We also incorporated a simple randomization technique where each time an item is picked from a sorted list, i.e. picking the next job or tool batch to be batched or picking the next autoclave batch to schedule, a random item from the first L items in the list is selected. This method allows us to apply the algorithm on an instance multiple times and use the best solution found.

4.2 Hybrid Heuristic Approaches

Once EDD finds a feasible solution to the 2BPHFSP, we can try to improve the solution using CP. Thus, we formulated two hybrid heuristic-CP approaches. First, the heuristic solution can be used to warm-start the monolithic CP model, and second, packing decisions from the heuristic solution can be fixed and scheduling decisions can be improved using the subproblem from LBBD. These two approaches will be referred to as WCP and EDD-CP, respectively.

5 Numerical Results

Our five approaches were tested on 11 sets of 30 randomly generated problem instances, ranging from 5 jobs to 100 jobs per instance. All CP and MIP models were implemented in Java using CPLEX Optimization Studio 12.9. Each approach was given a sixty minute total time limit to solve each instance. For the LBBD model, each component was given a ten minute time limit to prevent the model from timing out globally within a single component.

Overall Performance. Figure 3 shows the number of instances for which each approach was able to find feasible solution(s) and the average time to find the best solution within one hour. The monolithic CP model is clearly the worst performing model: it was not able to solve any instances with more than 25 jobs. The LBBD model starts to show signs of degraded performance at 50 jobs per instance, and can only solve around 50% of instances with 100 jobs. These two results imply that we will not be able to use these non-heuristic methods to solve real-world instances, which contain at least 1000 jobs. EDD, EDD-CP, and WCP were able to find feasible solutions for all instances. Both CP and WCP are very unlikely to scale, but LBBD’s mediocre performance still warrants some exploration with the full problem. EDD and EDD-CP show strong potential, but Fig. 3b indicates that EDD-CP does not use much more time than EDD, meaning we can solely pursue EDD-CP.

Fig. 3.

Performance of all solution techniques.

Solution Quality. We compared solution qualities of each approach by calculating optimality gaps using equation (42), where z(n) is the objective value found for instance n and \(z(\text {RSP}(n))\) is a lower bound for instance n. The CP and LBBD models did not find feasible solutions for some instances; the optimality gap for any unsolved instance n is not included in the associated averages in Fig. 4.
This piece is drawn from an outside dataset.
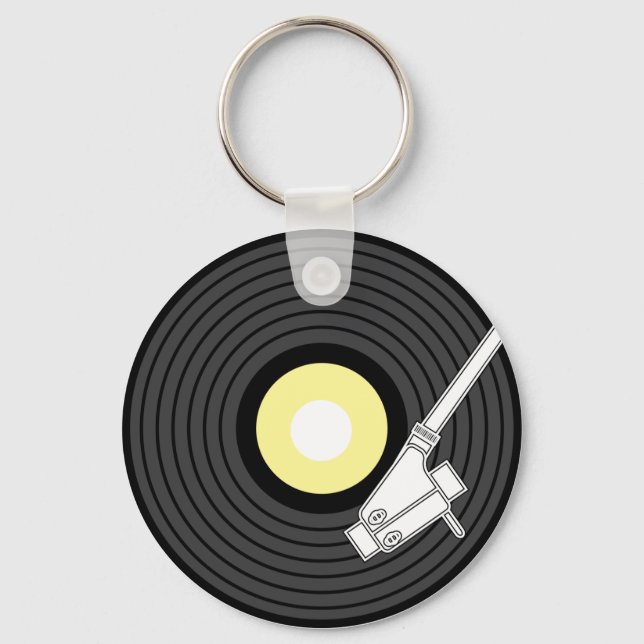 Needle on the Record Key Ring (Front)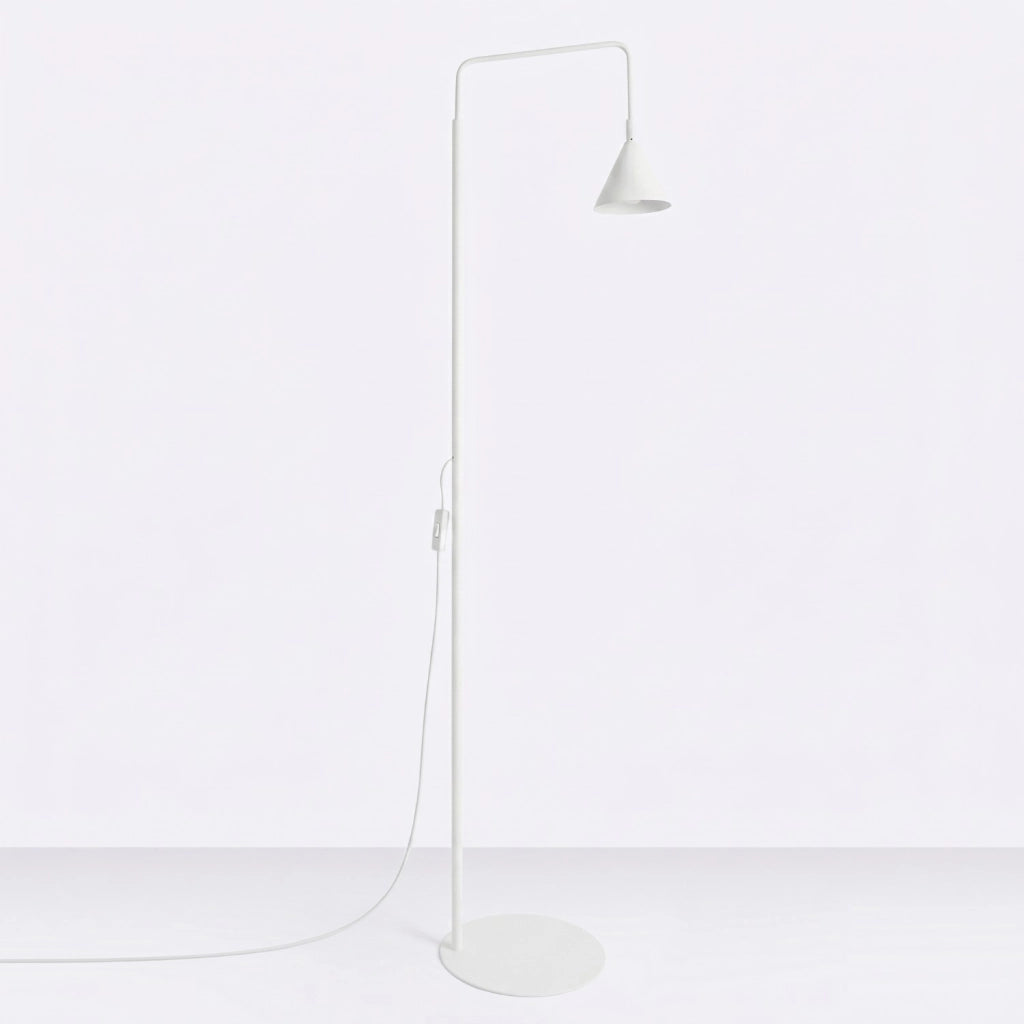 Lampada da terra NOX bianco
$$\begin{aligned} \text {Optimality Gap of Approach }n = \frac{z(n) - z(\text {RSP}(n))}{z(\text {RSP}(n))} \end{aligned}$$

(42)

The lower bound is obtained by solving the Relaxed Scheduling Problem (RSP). The RSP is a version of the LBBD subproblem with all batching removed: each job is processed once in the first stage and once in the second stage. We model the first stage as a multi-capacity machine and each job occupies one unit of capacity during processing. The second stage is also a multi-capacity machine, but each job occupies \(s_j\) units of space during processing and the second stage machine has a constant capacity of \(C^2 \times V^2\). There are precedence constraints between the stages of each job. The RSP is a relaxation of the 2BPHFSP, so the optimal objective of the RSP is a lower bound on the 2BPHFSP. There is a small subset of instances where the RSP is unable to prove optimality within one hour. These instances are not included in the averages shown in Fig. 4. This lower bound is very weak and does not serve any purpose beside providing a comparison basis for solution qualities across the different approaches.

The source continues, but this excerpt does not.